**TRY IT**
One exact copy of the listing, minus the images, is the required answer.

**DATA PROVIDED**
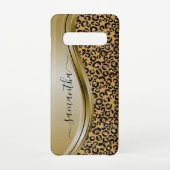 Gold Leopard Handgeschreven naam Metal Hoesje-Mate Samsung Galaxy Hoesje (Achterkant)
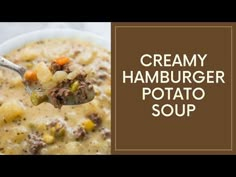 creamy hamburger potato soup in a white bowl with a spoon full of meat and vegetables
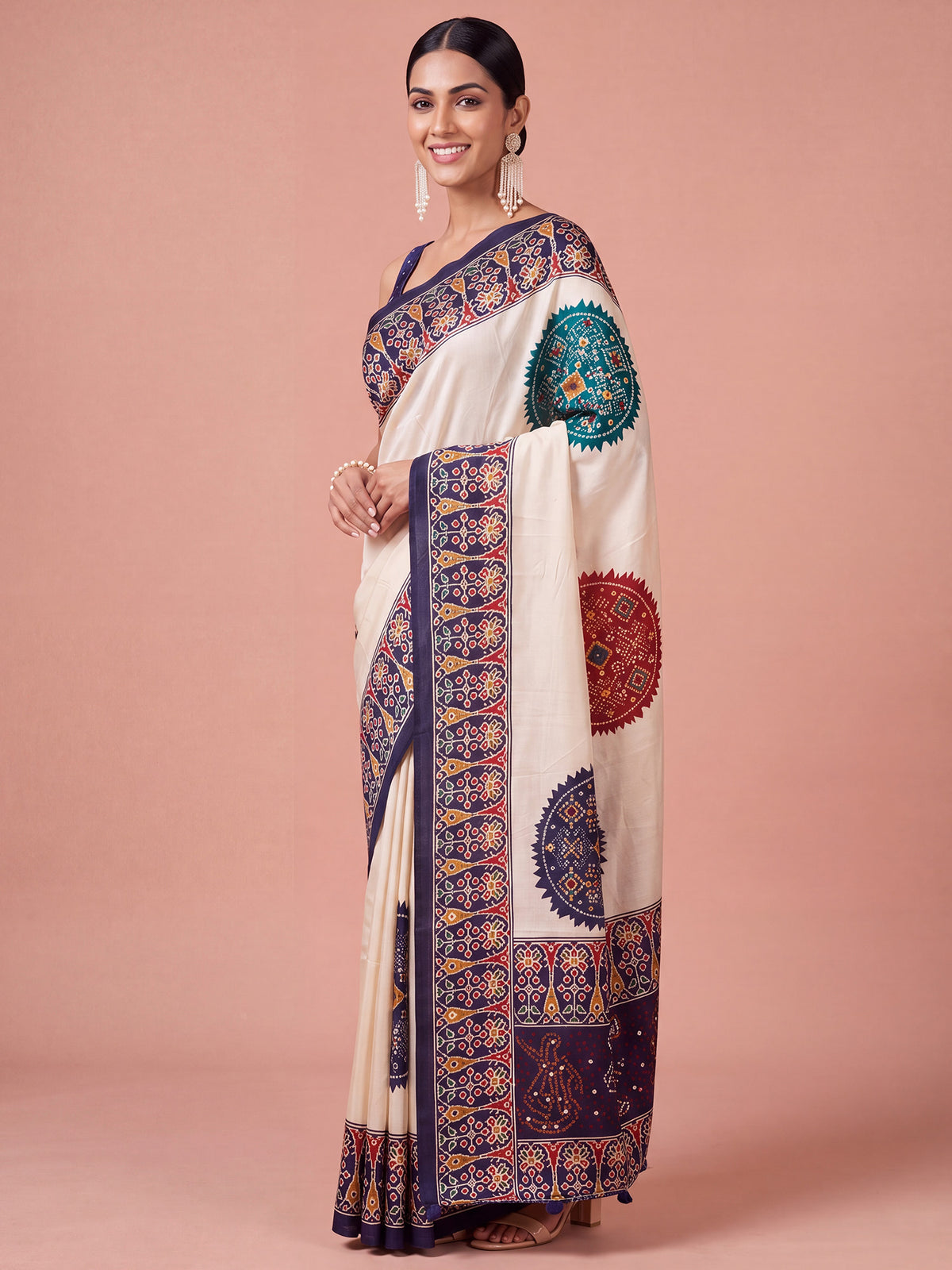Navy Blue satin saree view 2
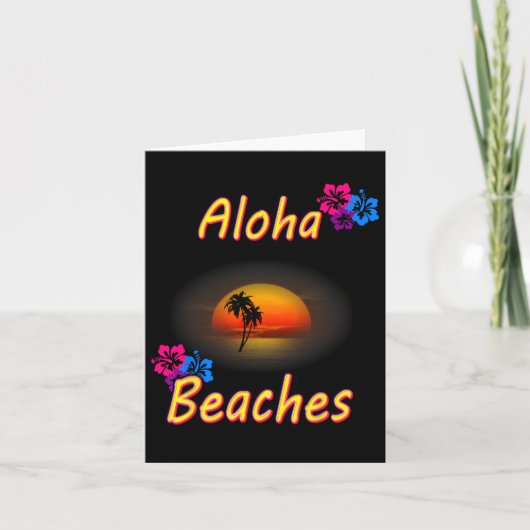 ハワイのビーチ　アロハTシャツ　面白いプレゼント　ホリデーシーズン カード (正面)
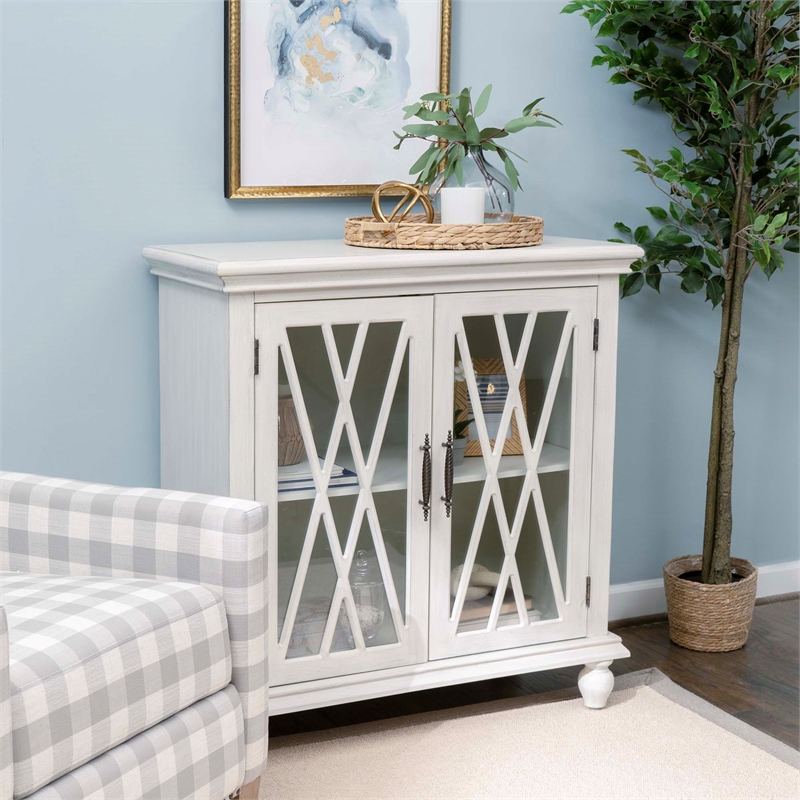 Linon Kelcey Storage Cabinet Windowpane Glass Doors in Creamy White Wood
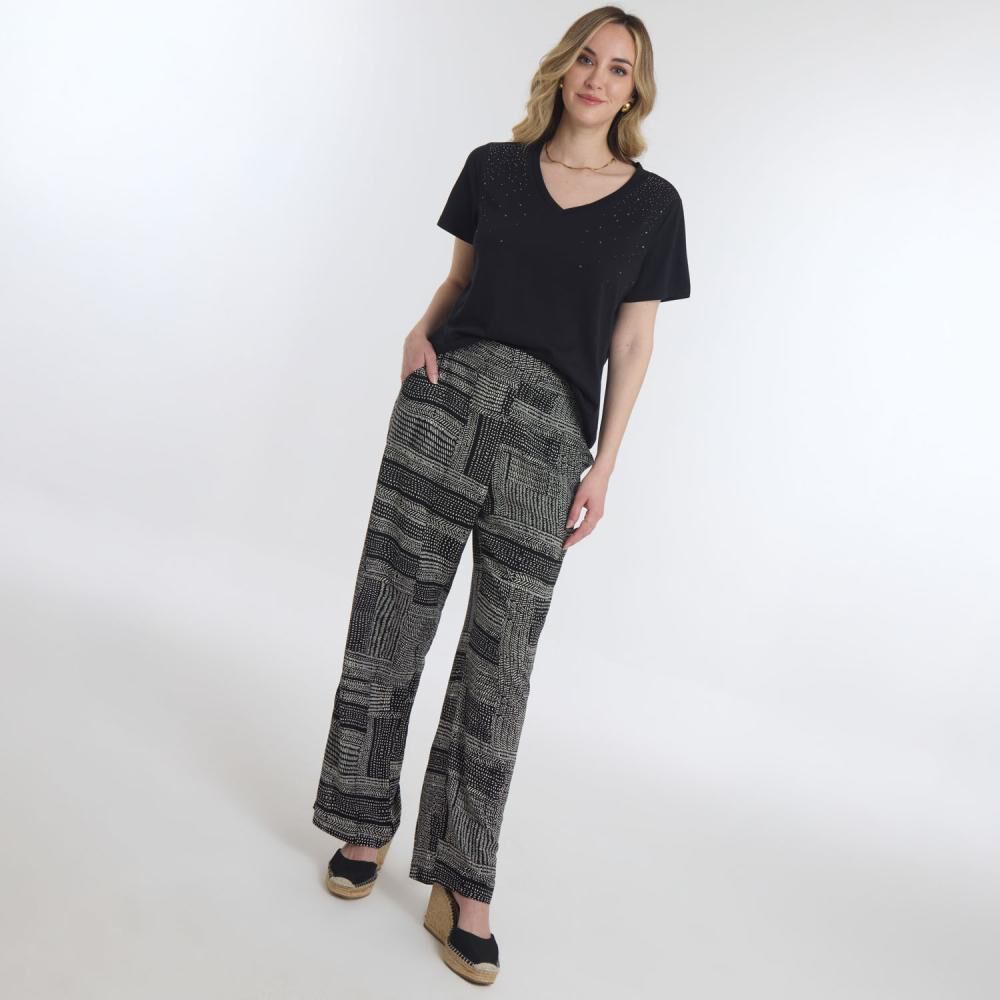 Pantal&oacute;n Full Print Tiro Medio Palazzo Mujer Geeps image number 1.0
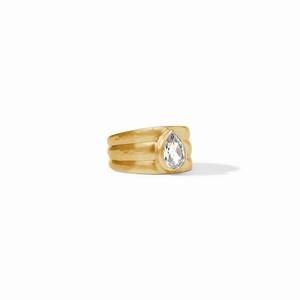 NEW JULIE VOS women's cirque stone ring in gold cubic zirconia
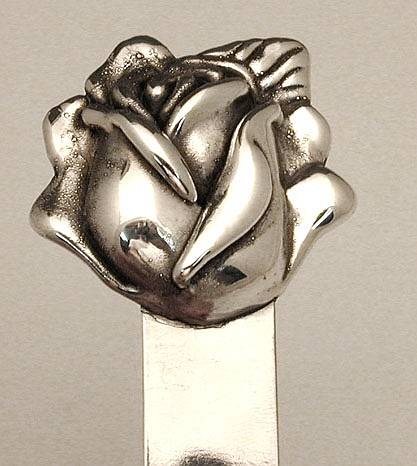 Artisan Sterling Silver Flower Bookmark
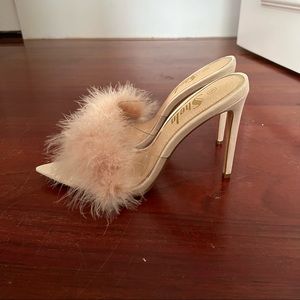 Fluffy pointy toe heels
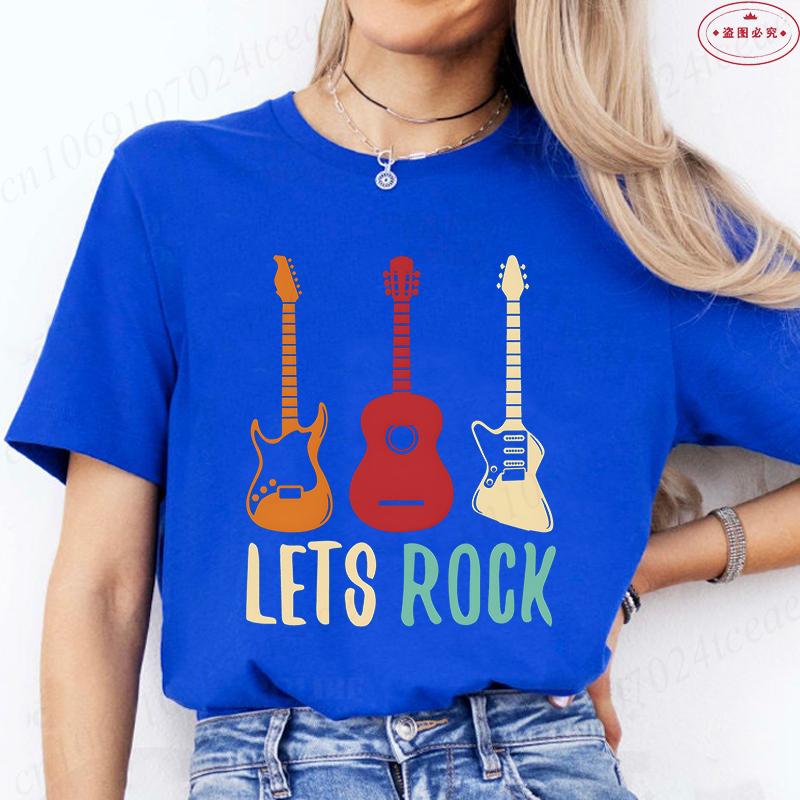 Aesthetic T-shirt Women Clothing Fashion Guitar Graphic Y2k Tops Harajuku Comfortable O Neck Short Sleeve Female Tees Shirt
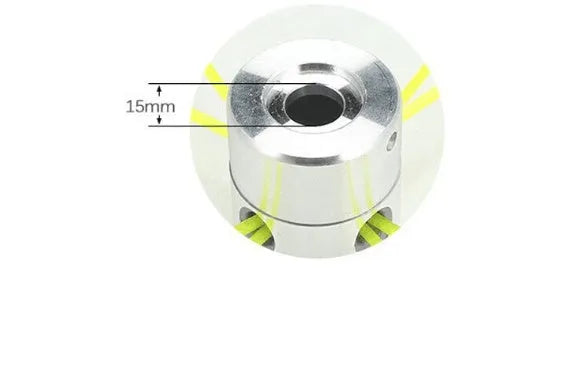 Silver aluminium lawn mower grass cutting head with four light yellow square cords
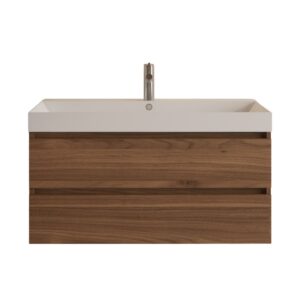 Gliss Design Milan wastafelmeubel 100 cm greeploos Walnoot wastafel mat wit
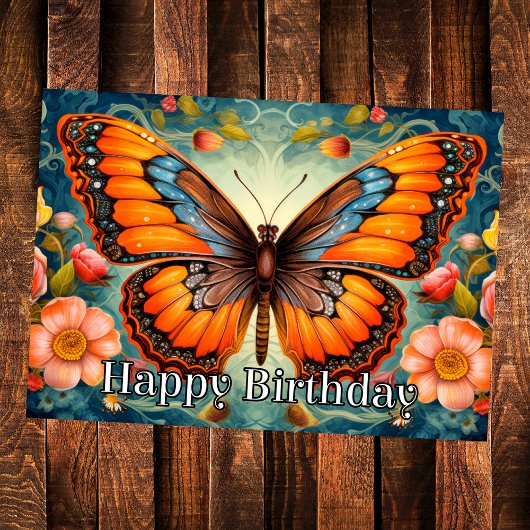 Artistic Whimsical Butterfly Happy Birthday Karte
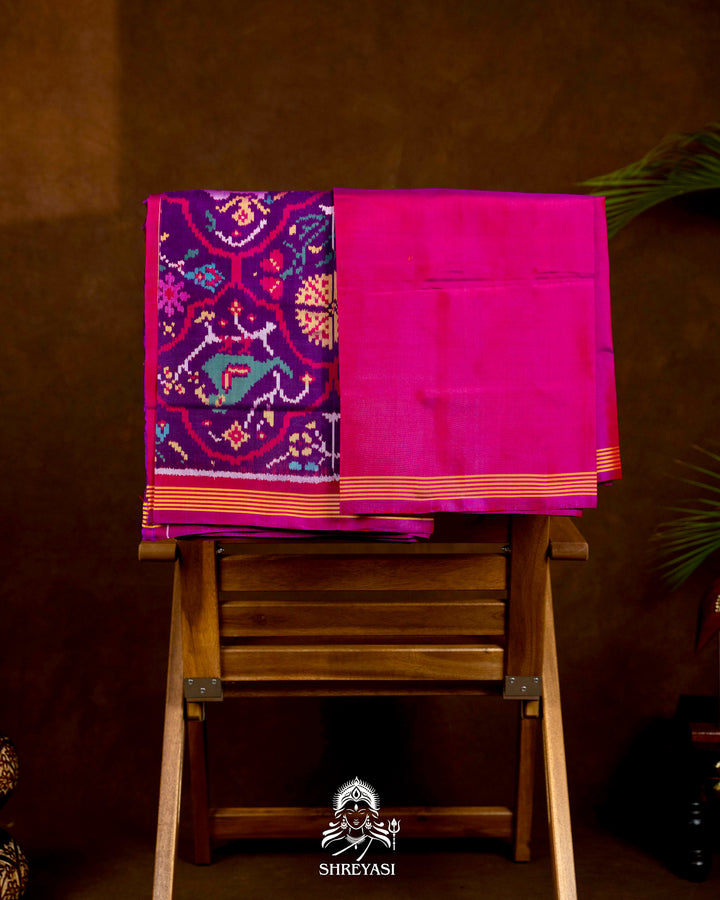 Handloom Pure Rajkot Patola Silk Saree with Animal & Floral Ikat Motifs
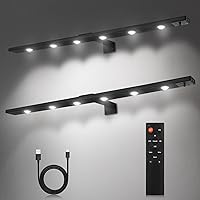 2Pack Battery Picture Light with Remote 22'',Wall Paintign Light with 3 Lighitng,Metal Artwork Lights with Dimmable Timer Auto-Off, Rechargeable Gallery Dispaly Light for Picture Light with 500lm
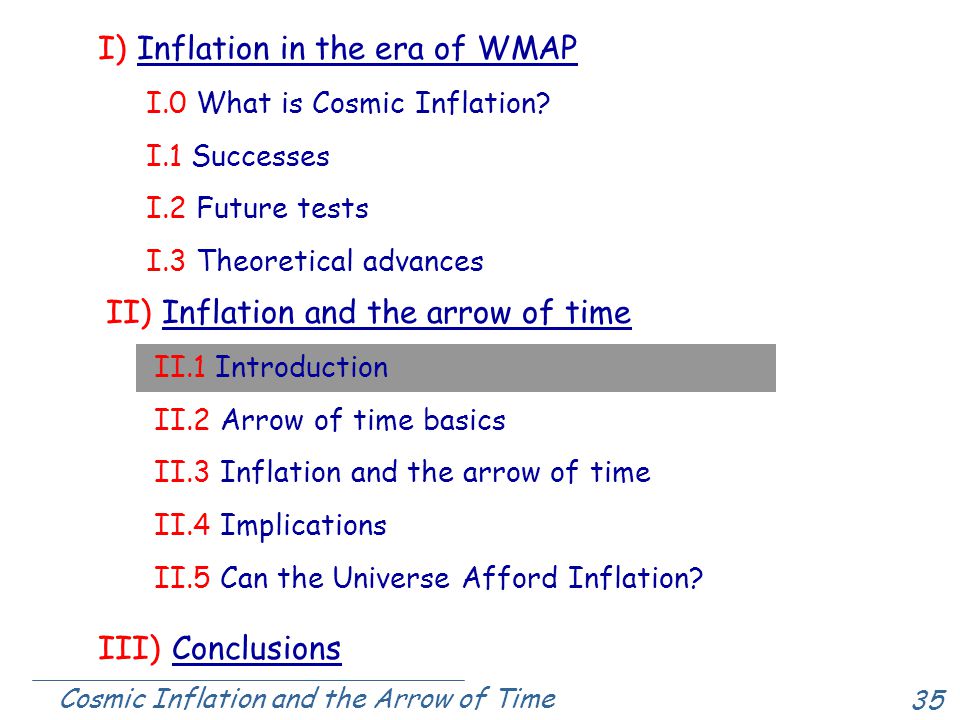 35 I) Inflation in the era of WMAP I.0 What is Cosmic Inflation.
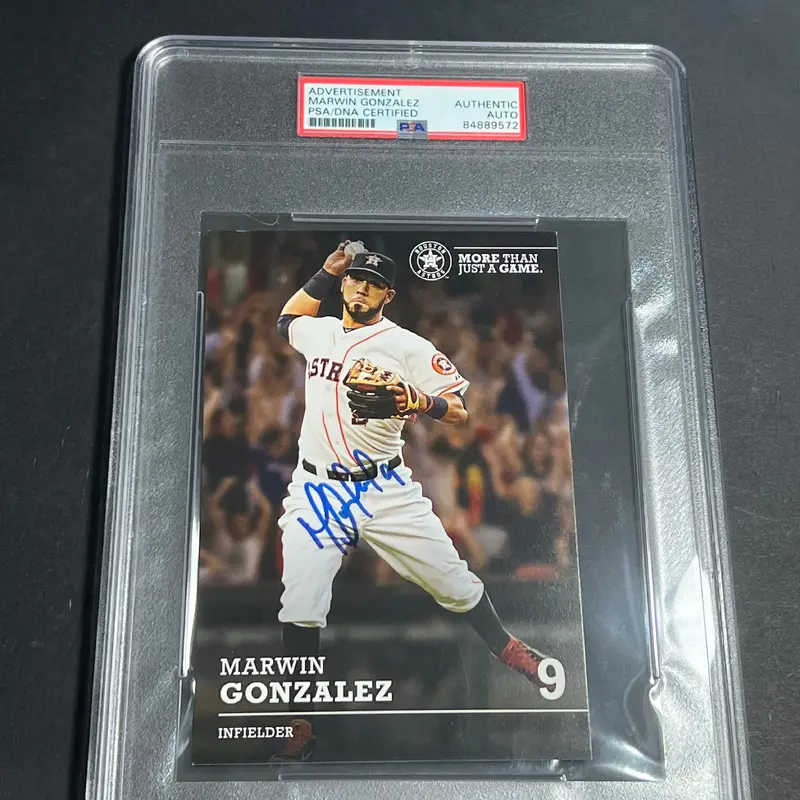 Marwin Gonzalez signed Promo Card PSA/DNA Encapsulated Houston Astros autographed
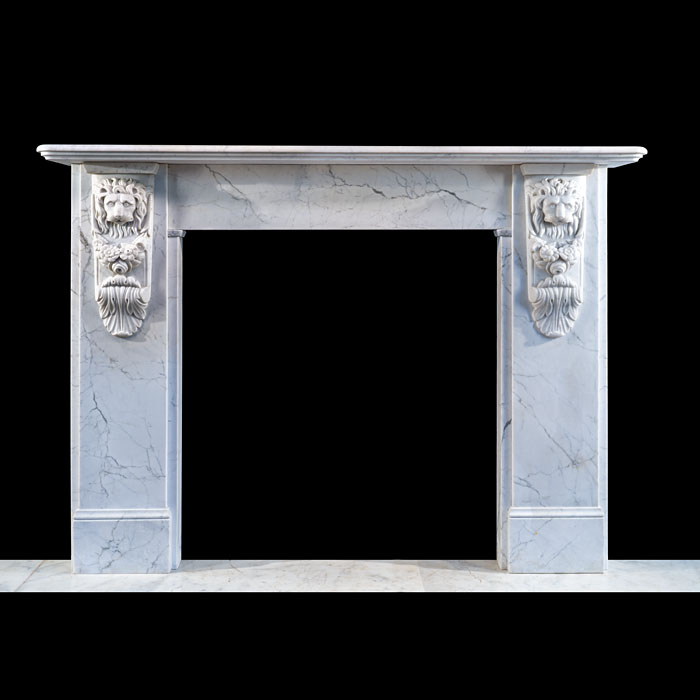 A Mid Victorian Lion Corbel Fireplace in Veined Carrara Marble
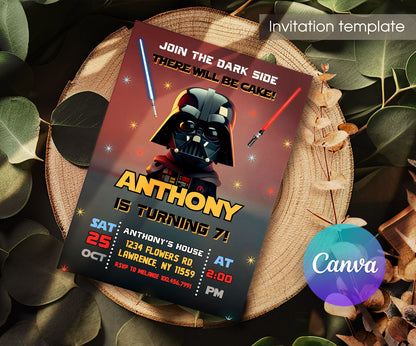 Star Wars Darth Vader customizable invitation template | Share or Print | boy | GA658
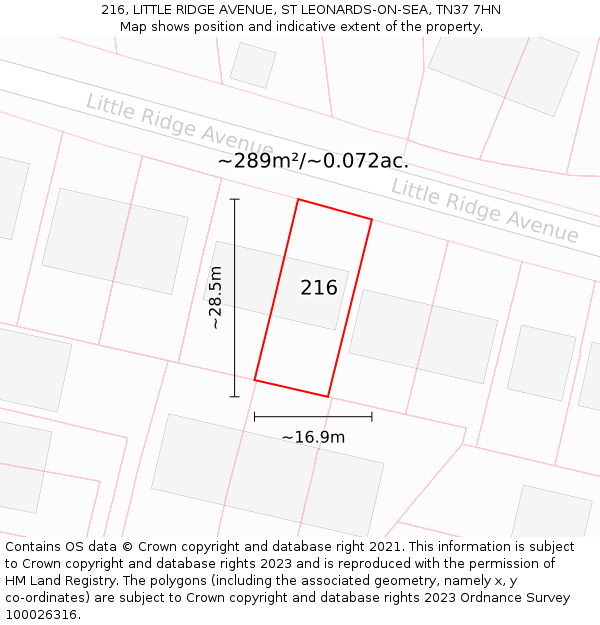 216, LITTLE RIDGE AVENUE, ST LEONARDS-ON-SEA, TN37 7HN: Plot and title map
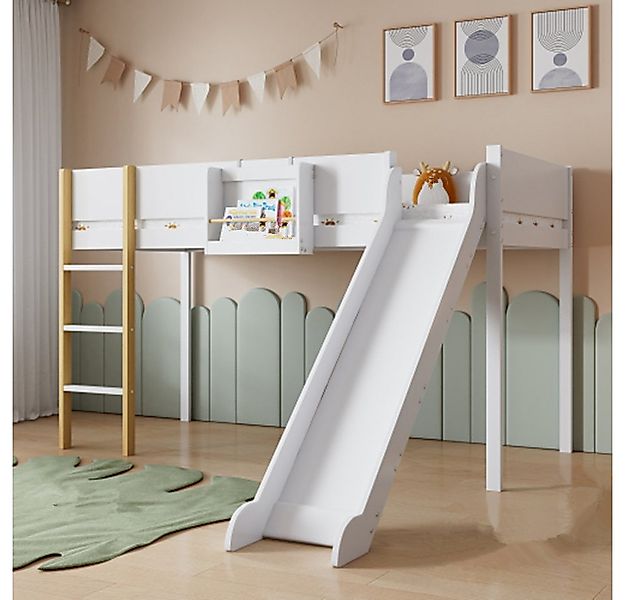XDeer Polsterbett Hochbett, Etagenbett mit dreistufiger gerader Leiter, Kin günstig online kaufen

**RESPONSE AREA**
 Gold Leopard Handgeschreven naam Metal Hoesje-Mate Samsung Galaxy Hoesje (Achterkant)
 creamy hamburger potato soup in a white bowl with a spoon full of meat and vegetables
Navy Blue satin saree view 2
 ハワイのビーチ　アロハTシャツ　面白いプレゼント　ホリデーシーズン カード (正面)
 Linon Kelcey Storage Cabinet Windowpane Glass Doors in Creamy White Wood
 Pantal&oacute;n Full Print Tiro Medio Palazzo Mujer Geeps image number 1.0
 NEW JULIE VOS women's cirque stone ring in gold cubic zirconia
 Artisan Sterling Silver Flower Bookmark
 Fluffy pointy toe heels
 Aesthetic T-shirt Women Clothing Fashion Guitar Graphic Y2k Tops Harajuku Comfortable O Neck Short Sleeve Female Tees Shirt
 Silver aluminium lawn mower grass cutting head with four light yellow square cords
 Gliss Design Milan wastafelmeubel 100 cm greeploos Walnoot wastafel mat wit
 Artistic Whimsical Butterfly Happy Birthday Karte
 Handloom Pure Rajkot Patola Silk Saree with Animal & Floral Ikat Motifs
 2Pack Battery Picture Light with Remote 22'',Wall Paintign Light with 3 Lighitng,Metal Artwork Lights with Dimmable Timer Auto-Off, Rechargeable Gallery Dispaly Light for Picture Light with 500lm
 35 I) Inflation in the era of WMAP I.0 What is Cosmic Inflation.
 Marwin Gonzalez signed Promo Card PSA/DNA Encapsulated Houston Astros autographed
 A Mid Victorian Lion Corbel Fireplace in Veined Carrara Marble
 Star Wars Darth Vader customizable invitation template | Share or Print | boy | GA658
 216, LITTLE RIDGE AVENUE, ST LEONARDS-ON-SEA, TN37 7HN: Plot and title map
XDeer Polsterbett Hochbett, Etagenbett mit dreistufiger gerader Leiter, Kin günstig online kaufen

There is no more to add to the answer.